Understanding Consistency Tests

Since Oxy is built for data analysis, consistency tests are optimized for numerical data and analytical insights. The evaluator intelligently handles common data analysis scenarios:

What Gets Ignored (Not Considered Errors)

Numerical Rounding (< 0.1% difference):
  • $1,081,396 vs $1,081,395.67 ✅ Consistent
  • $1,065,619 vs $1,065,618.90 ✅ Consistent
  • Different database precision settings
  • Rounding from visualization tools
Grammar & Style Variations:
  • "Revenue amounts to $1M" vs "Revenue amount to $1M" ✅ Consistent
  • Different phrasing of the same insight
  • Synonym usage in descriptions
Formatting Differences:
  • Date formats, number formatting, whitespace

What Actually Fails Tests

Material disagreements like:
  • $500,000 vs $450,000 ❌ (10% difference)
  • "Sales increased" vs "Sales decreased" ❌ (contradictory)
  • Different conclusions or incompatible recommendations
This approach ensures your tests focus on factual correctness while being practical about data analysis realities.
See the default logic: The built-in consistency evaluator uses a detailed prompt optimized for data analysis. You can view the full default prompt to understand exactly how it evaluates consistency.

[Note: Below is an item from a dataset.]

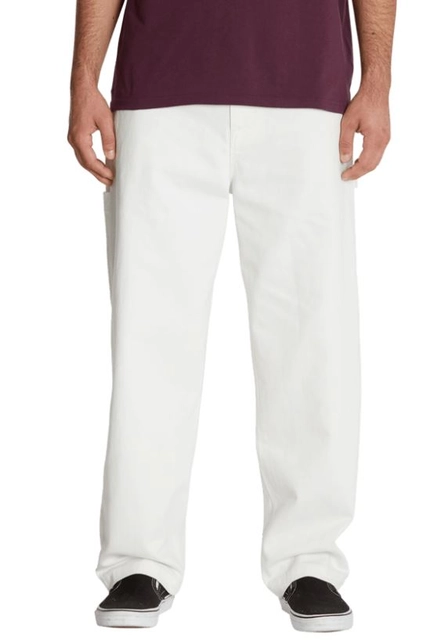 Volcom Kraftsman Pant Whitecap Grey - 33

Customizing Evaluation Logic

For specific use cases, you can customize how consistency is evaluated by providing a custom prompt:
tests:
  # Default behavior - uses built-in smart evaluator
  - type: consistency
    n: 10
    task_description: "How many hours do I sleep on average?"

  # Financial data - strict exact matching
  - type: consistency
    n: 10
    task_description: "What is our Q4 revenue?"
    prompt: |
      Financial data requires exact precision.
      Task: {{ task_description }}
      Submission 1: {{ submission_1 }}
      Submission 2: {{ submission_2 }}

      CONSISTENT (A) only if numbers match exactly.
      Answer A or B.

  # Trend analysis - focus on direction, not exact numbers
  - type: consistency
    n: 10
    task_description: "What's the sleep quality trend?"
    prompt: |
      Evaluate if these describe the same overall trend.
      Ignore exact percentages, focus on direction.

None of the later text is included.